Ayer por la noche volvimos al teatro en este 2015 con mi
mujer. Terrenal, de Mauricio Kartun fue la elegida, que también estaba de
reestreno. Esa hermosa costumbre de sacar entradas para aquella obra que por
alguna razón, recomendación, azar o intuición llega a nosotros, esperar el
tiempo necesario para que madure la salida teatrera, decidir no leer las
críticas sino ir y encontrarse con lo que tenga para mostrarnos, amanecer el
día en que las entradas dicen que se llevará a cabo la función, prepararse
horas antes y salir al ruedo citadino para llegar a un espacio en donde un
grupo de personas preparan y traman algo, buscan mostrarte la realidad bajo una
nueva mirada. Uno se predispone, reconoce el espacio -en este caso, el Teatro
del Pueblo, primer teatro independiente de la Argentina-, es ubicado, toma
asiento y se relaja para recibir lo que toque.
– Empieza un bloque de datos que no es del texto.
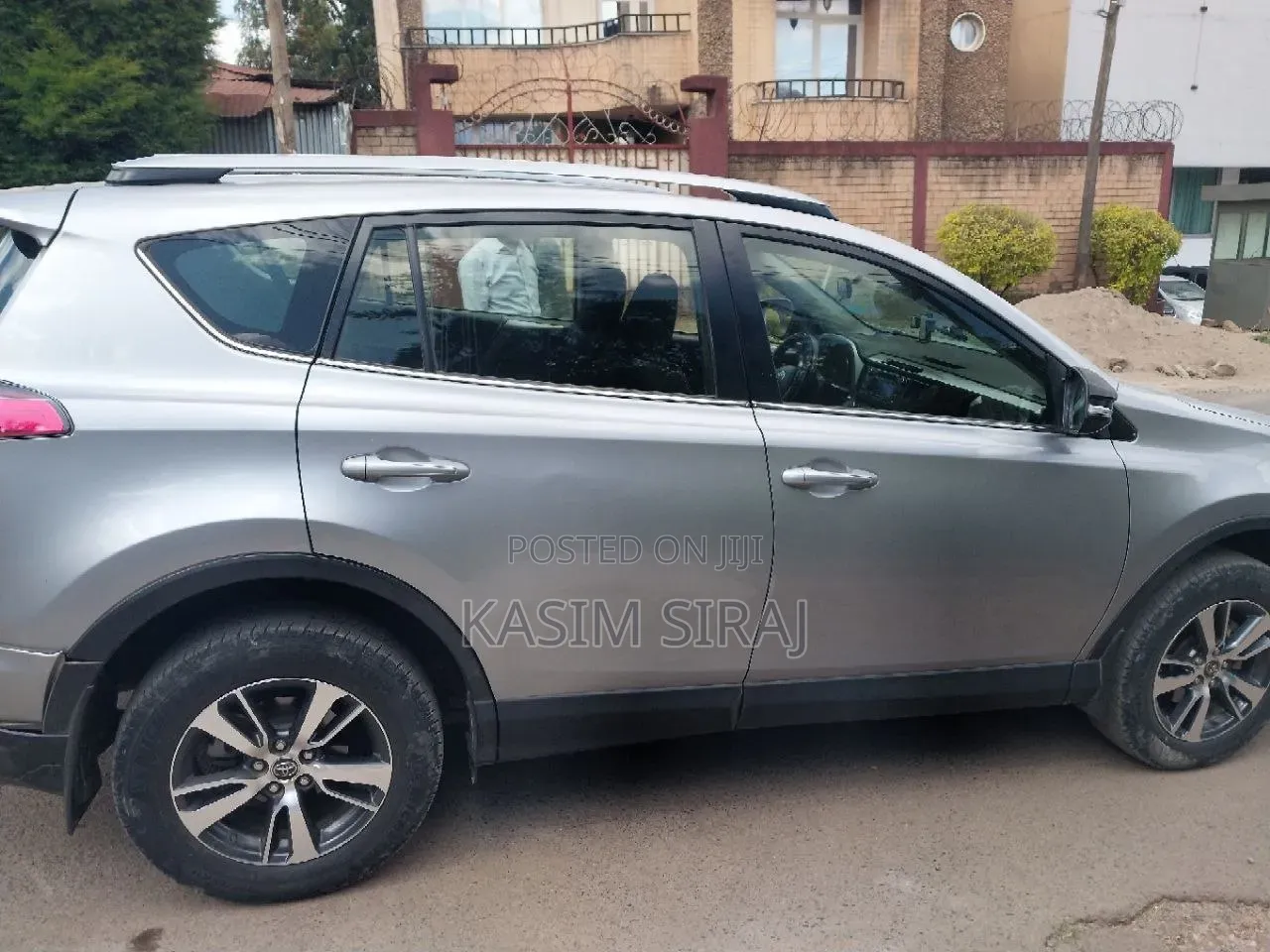 Toyota RAV4 LE AWD (2.5L 4cyl 6A) 2017 Silver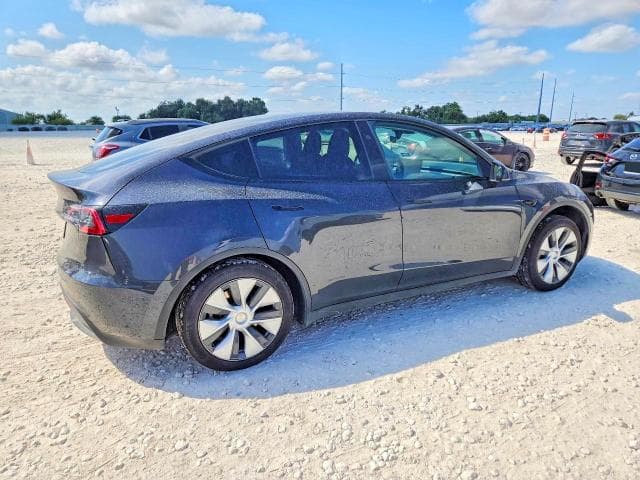 2024 TESLA MODEL Y 3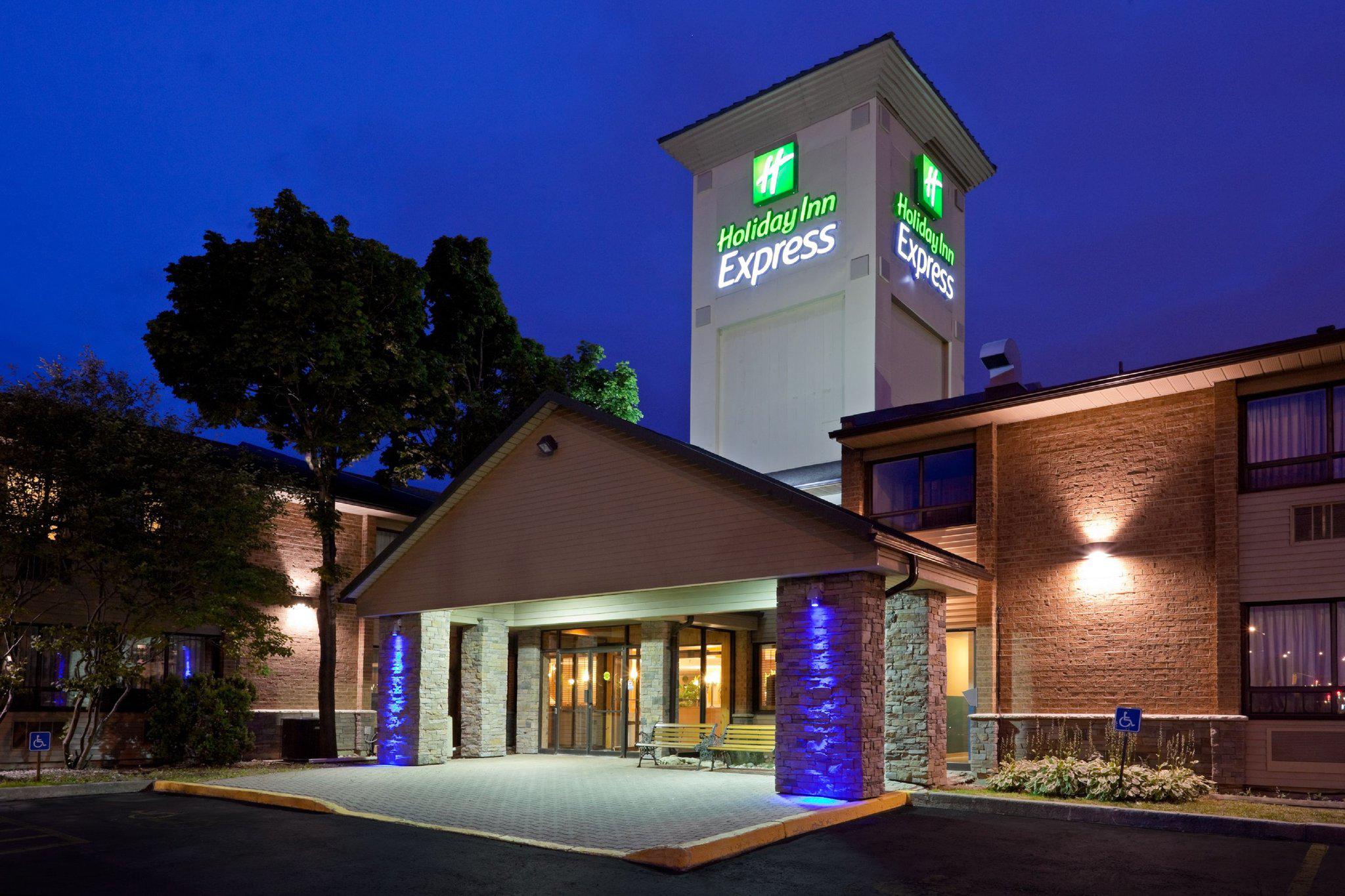Holiday Inn Express Toronto East - Scarborough, an IHG Hotel Scarborough (416)439-9666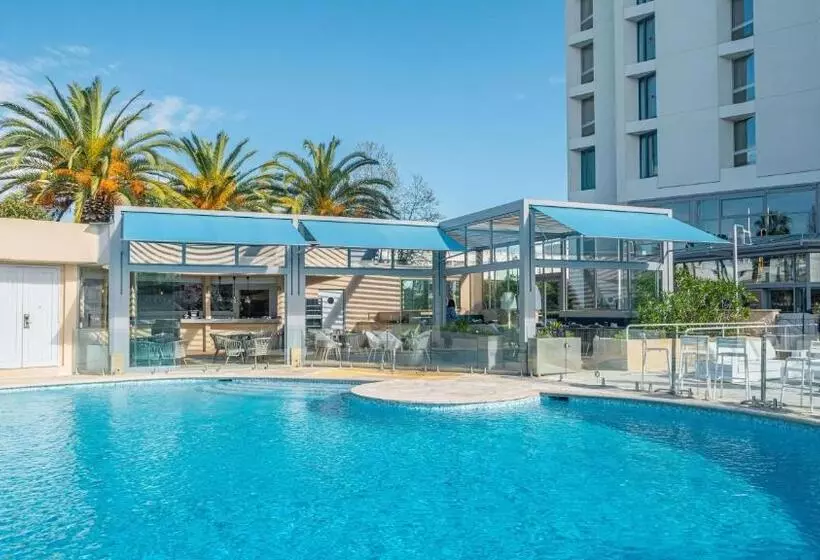 Radisson Hotel Nice Airport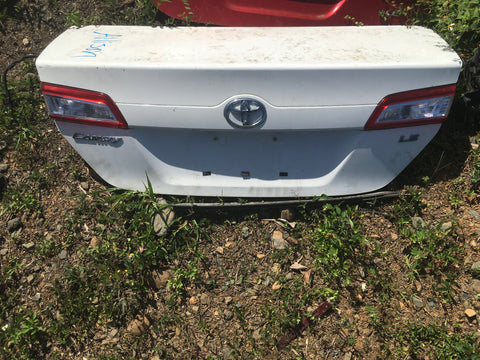 Tapa de baúl Toyota Camry 12-14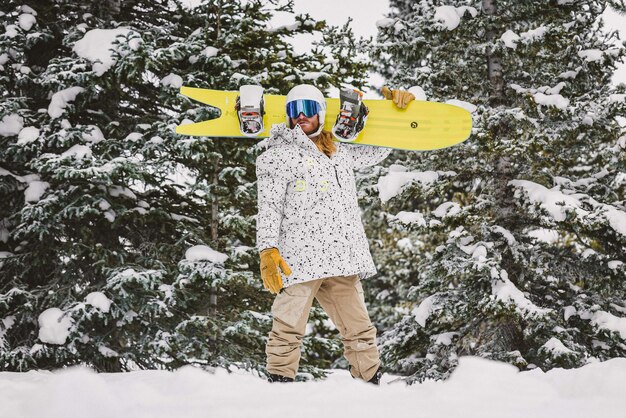 snowboarder mâle en descente dangereuse en action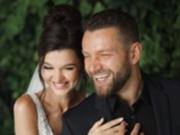 Украинский ведущий удивил свадебными фото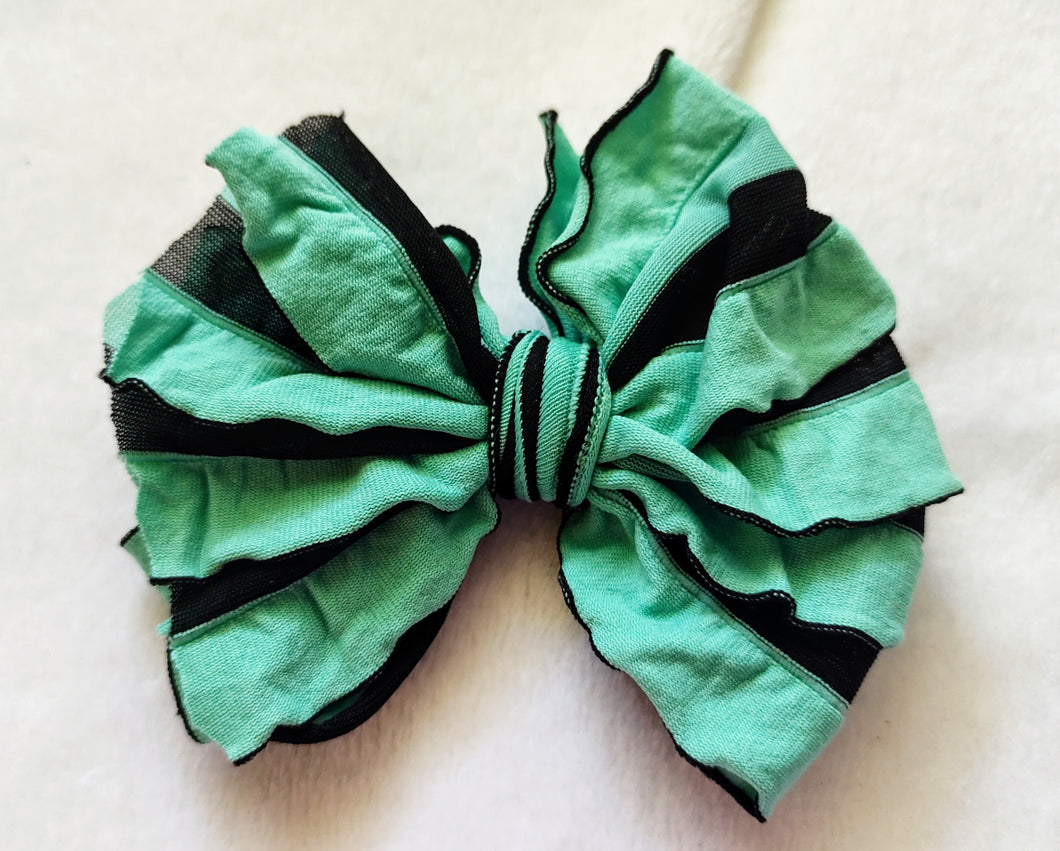 Mint Chip Ruffle Bows/Piggies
Y vaya si te toca esta obra de teatro. Teatro de texto, lo
llaman algunos, poesía inabarcable, elijo referenciarla. El texto que Kartun le
sopla a los personajes al oído es de una consistencia, gracia, libertad y
sublevación que permite a uno volar y concluir sus palabras, da rienda suelta a
la imaginación, encara temas que podrían ser trágicos con un humor -o esto es
lo que recibe el público, al no parar de reírse, por ejemplo, tras la muerte de
un personaje- descollante. Uno sale lleno, nutrido tras ver esta obra,
Terrenal, donde dos hermanos, Caín y Abel, luchan dialécticamente, en principio,
con su antagónico, y luego se les presenta el Tata, para develar el misterio de
las diferencias.
Una historia que no se queda en la contraposición aparente y
simplista de visión de izquierda y de derecha, sino que ahonda en las miserias
humanas, en el sentimiento encontrado de aquel que tiene su "sistema
opositor" visible en su hermano, y no logra vislumbrar que está allí para
confrontarlo y hacerlo crecer. Actuaciones sublimes, un Claudio Rissi que
brilla en su papel de Tatita, con un monólogo final deslumbrante. Y parece ser
que no alcanzan las palabras para elogiar una obra que agradezco haber estado
allí para verla y disfrutarla.
El gusto mismo de salir del teatro hablando de la obra recién
vista. Caminar por la calle Corrientes en buena compañía, buscar un lugar para
comer con mi amada, y seguir desculando y entreteniendo la verba con lo recién
visto. "Este teatro es el que me invita a hacer teatro", me dice con
su simpleza y precisión verbal Marisel. "Esto me gusta de los monólogos,
ese final que pone al público de pie", para aplaudir y reconocer la tarea
realizada. Teatro del bueno, del que te hace saltar del asiento y creer que tu
aplauso es algo importante, cuando la realidad indica que lo importante te lo
llevas para seguir masticándolo en conjunto, luego, entre la muzzarella grasosa
del Guerrín y lo que tenés que hacer al otro día al levantar la cabeza de la
almohada.
El buen teatro te saca un poco de esa sensación de atadura
de la realidad, te invita a pasear por el imaginario y ampliar la mirada
unilateral que suele componer nuestro pequeño Universo, darle un toque de color
al día y seguir adelante. Porque hay tanto por recorrer en el horizonte que no
hay obra de teatro que pueda abarcarlo. Y ésta, casual o causalmente, será una
obra que recordaré de por vida por ser la primera que fuimos a ver con mi
primer hijo en el vientre de su madre. Nosotros la vimos, él la sintió.
"Esto es lo que les gusta a mamá y a papá", dice que le dijo Marisel a
la panza antes de que empiece. Esto es lo que quiero hacer y comunicar tras ver
esta obra de arte. El teatro logrado te hace salir con un envión a encarar la
vida que no me lo genera ningún otro arte.